Arachis hypogaea belongs to the butterfly-banded legume family (Fabaceae). As an annual herbaceous plant, Arachis hypogaea reaches an average length of 30 centimeters, bears pinnately paired leaves and several yellow-crowned single flowers. After pollination, the carpophor of the carpel grows into the ground, where the geocarpic fruit ripens. The characteristic fruit, the peanut, together with the woody pod sheath is also botanically a nut. Only the protein- and fat-rich (approx. 45 percent) seed, which can also be eaten raw, has nutritive value, an exception among fabaceae.
Originally native to the Andes, the culture, which is over 8000 years old, first came to the Caribbean islands, Mexico and later to Africa, East Asia and North America.

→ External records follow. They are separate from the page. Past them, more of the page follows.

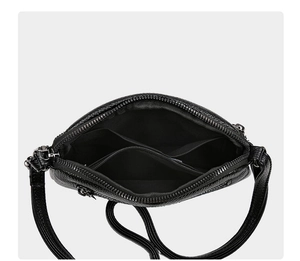 Detailed interior view of black lychee leather crossbody bag with multiple compartments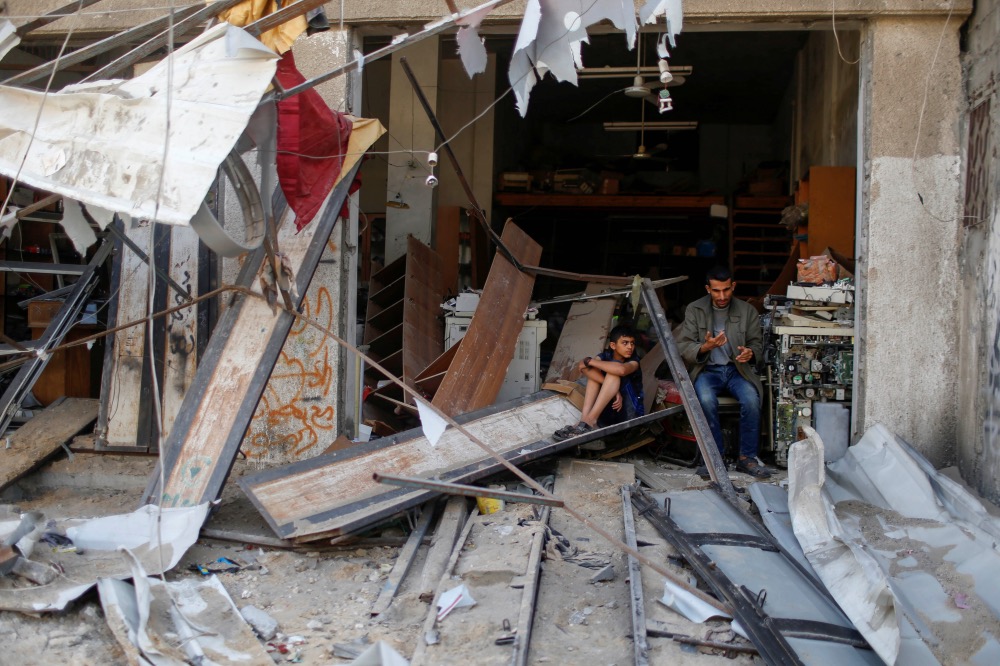 Gaza Family in damaged building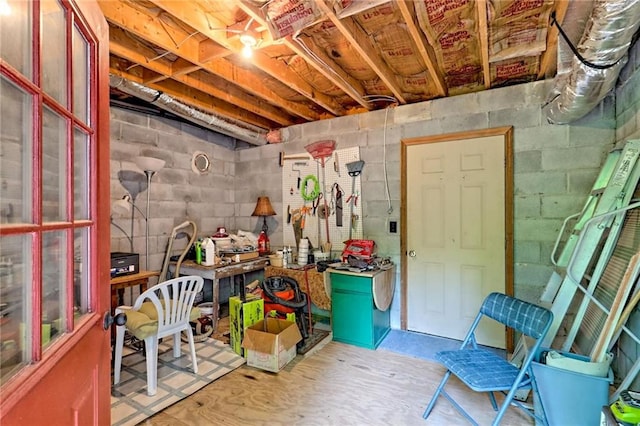unfinished below grade area featuring concrete block wall and a workshop area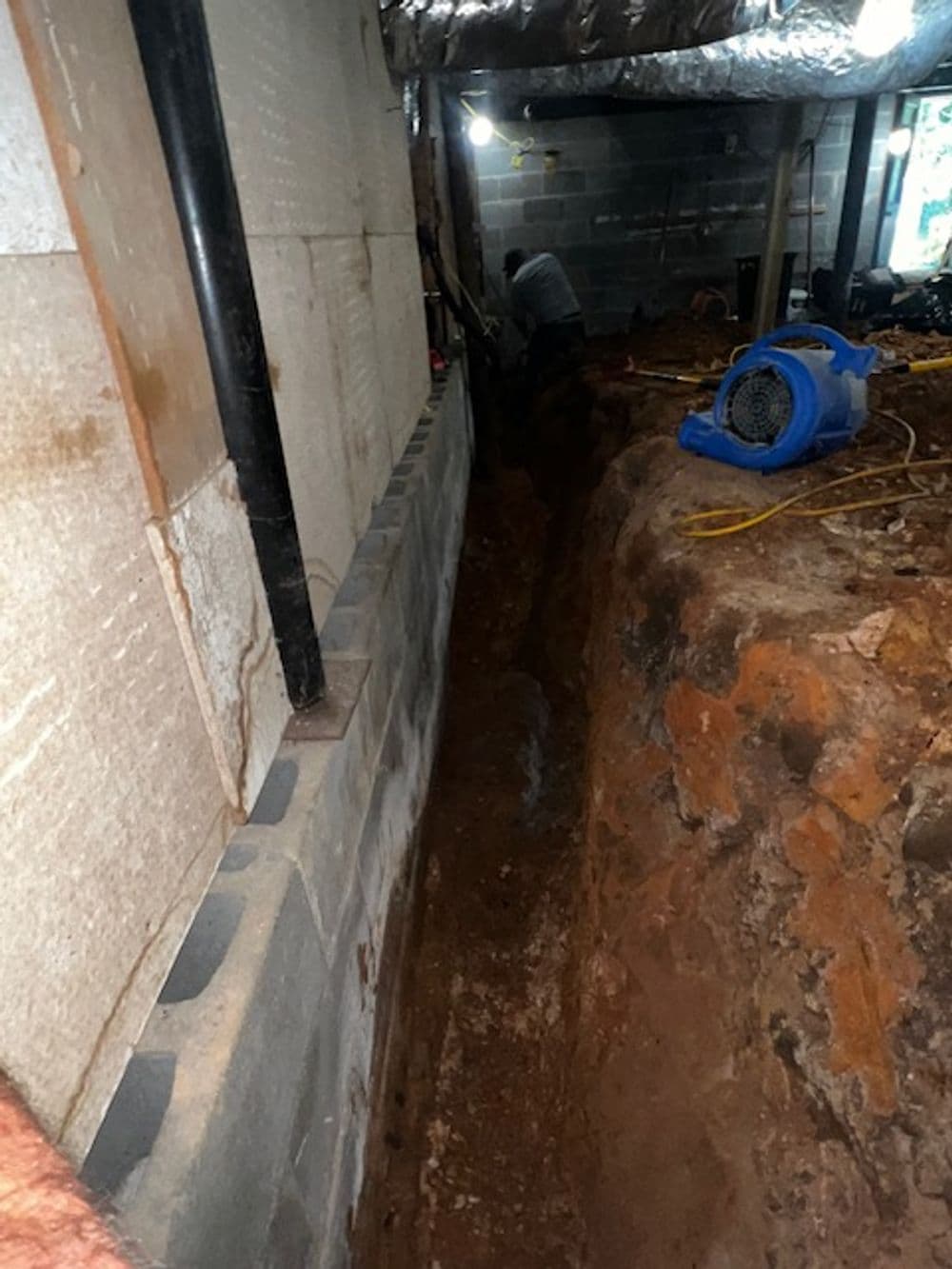 Excavation site showing a deep trench, construction tools, and equipment in a basement setting.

Today, its cultivation is widespread in all frost-free regions of the world. In 2019, the world's largest producer was China, with more than two and a half times the tonnage of India, the former main supplier. It was followed by Nigeria, Sudan and the United States.

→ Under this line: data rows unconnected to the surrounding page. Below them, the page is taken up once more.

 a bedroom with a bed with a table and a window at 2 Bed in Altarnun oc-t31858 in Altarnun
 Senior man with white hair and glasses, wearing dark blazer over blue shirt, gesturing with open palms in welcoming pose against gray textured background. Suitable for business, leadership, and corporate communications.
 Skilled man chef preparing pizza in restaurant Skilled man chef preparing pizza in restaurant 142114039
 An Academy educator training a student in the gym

Flowers appear about 30 days after sowing, followed another 80 to 150 days later by fruit maturity in mid- to late summer. The whole plants are pulled out manually or mechanically and pre-dried. Subsequent harvesting of the pods is done by hand or by combine harvester. This is followed by final drying from 40 to below 7 percent water content.
Yellowish and aromatic virgin peanut oil is extracted cold in screw presses from raw, shelled peanut seeds. Only flawless raw material is suitable for this purpose: Aflatoxins, for example due to improper storage, can only be eliminated via refining. Refined qualities are further processed first pressings, hot pressings or hexane extractions of pressing residues. For pharmaceutical purposes, the European Pharmacopoeia prescribes narrow specifications. Oils from roasted peanut seed and hydrogenated peanut fats are also available on the market.
The triglycerides of peanut oil vary greatly in their fatty acid composition. The monounsaturated oleic acid (35 to 69 percent) and the doubly unsaturated omega-6 fatty acid linoleic acid (12 to 43 percent) predominate. The native oil is thus richer in polyunsaturated fatty acids than olive oil and is more similar to rapeseed oil in this respect. However, omega-3 fatty acids are missing as a counterpart to be supplemented. Saturated palmitic acid (16:0) accounts for 8 to 14 percent. The contents of tocopherols (vitamin E) and other antioxidants are also remarkable. Roasted peanuts provide a particularly nutty and intense salad oil. Only gustatory neutral, colorless raffinates reach suitable smoke points of up to 230 °C for frying and deep-frying.
In pharmacy and medicine, peanut oil is useful as an ointment base, carrier for lipophilic active ingredients, or emollient in both topical and enteral or parenteral formulations. Peanut oil may assist in combating hypercholesterolemia. It is said to have beneficial effects on dry scaly skin and help soothe eczema (both chronic and atopic). As a cosmetic it is used in massage applications, bath additives, creams and lotions, when an oil that is only slightly absorbed is required.
Peanut oil is used industrially as a basis for vegetable edible fats, soaps, varnishes or paints.
Special caution is required in case of known peanut allergy: There is always a risk of anaphylactic shock. This is because even refined peanut oil can still contain traces of allergenic protein, depending on the degree of purification, albeit much less than cold-pressed.